SageMaker TensorFlow Object Detection: Null annotations raises exception
Hi there, nice to meet you all,
I've been trying to train an Object Detection Model (using Built-in Algoritms, Tensorflow) following the jumpstart examples as template, but as soon as I provide a null annotation sagemaker fails to train when calling fit(), and throws the following error (at the end of the post is the entire stacktrace)
ValueError: Invalid dimensions for box data: (0,)
As I understand, according to the mentioned example the annotations.json should have a COCO structure-like in order to Sagemaker considers it has valid, quoting the same tutorial:
The annotations.json file should have information for bounding_boxes and their class labels. It should have a dictionary with keys "images" and "annotations". Value for the "images" key should be a list of entries, one for each image of the form {"file_name": image_name, "height": height, "width": width, "id": image_id}. Value of the 'annotations' key should be a list of entries, one for each bounding box of the form {"image_id": image_id, "bbox": [xmin, ymin, xmax, ymax], "category_id": bbox_label}.
That is, as far as I know the COCO format (it should be explicitly mentioned i think!)

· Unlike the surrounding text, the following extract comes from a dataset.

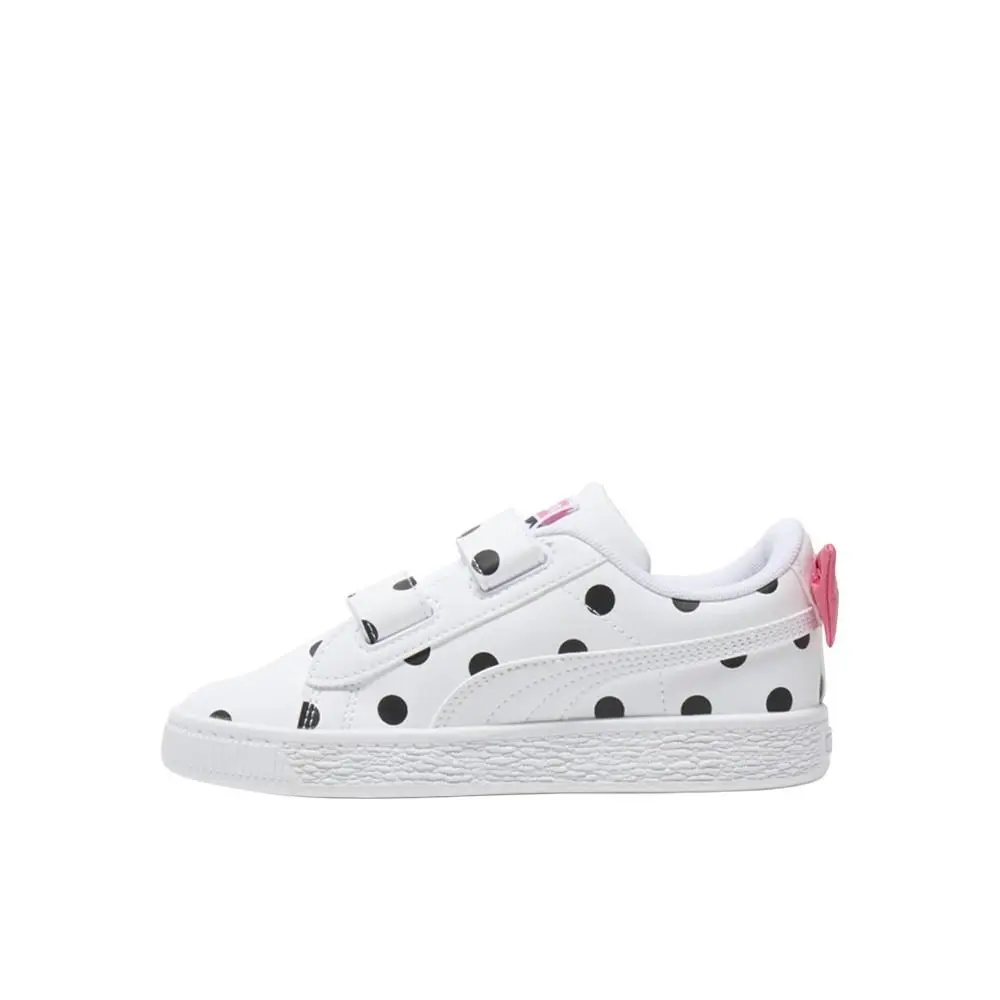 Puma shoes - PUMA Basket Bow V Slip On  Youth - 40353401 - White (UPC: 197674968399) 1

Great!, So what the issue here? If I provide a dataset with equal n° of images and annotations, thats great and I can train sucessfully my model, but if I have an image with no object in it, then i will have more images than annotations, for instance:
0001.jpeg 1 has object and the corresponding annotation
0002.jpeg has no object, so it doest have an annotation
So the annotation.json file looks like:
{ "images": [ { "file_name": "0001.jpeg", "height": 1944, "width": 2592, "id": "0001" }, { "file_name": "0002.jpeg", "height": 1944, "width": 2592, "id": "0002" } ], "annotations": [ { "image_id": "0001", "bbox": [ 688, 371, 1859, 1581 ], "category_id": 0 } ] }
As far as i could investigate, this is the standrad proccedure when no object is available, I've also downloaded an entire annotation coco dataset 2017 to make sure of this (you can download "2017 Train/Val annotations [241MB]" and search of instances_val2017.json and look for files with ID 25593, 41488, 42888 ... and you'll see that there are the images ones, but not the annotations ones)
So, I would like gently ask for your help, so I can properly train my model!
Thanks in advance!
P.S:
TraceBack
[Epoch 0], Speed: 0.058 samples/sec, loss=431737.90625.
Traceback (most recent call last):
File "/opt/ml/code/transfer_learning.py", line 246, in <module>
run_with_args(args)
File "/opt/ml/code/transfer_learning.py", line 201, in run_with_args
train_and_save_model(
File "/opt/ml/code/train.py", line 130, in train_and_save_model
validation_losses = run_validation(detection_model, validation_data, batch_size, image_size, epoch)
File "/opt/ml/code/validation.py", line 25, in run_validation
losses_dict = model.loss(prediction_dict, shapes)
File "/opt/ml/code/object_detection/meta_architectures/ssd_meta_arch.py", line 824, in loss
) = self._assign_targets(
File "/opt/ml/code/object_detection/meta_architectures/ssd_meta_arch.py", line 1013, in _assign_targets
groundtruth_boxlists = [box_list.BoxList(boxes) for boxes in groundtruth_boxes_list]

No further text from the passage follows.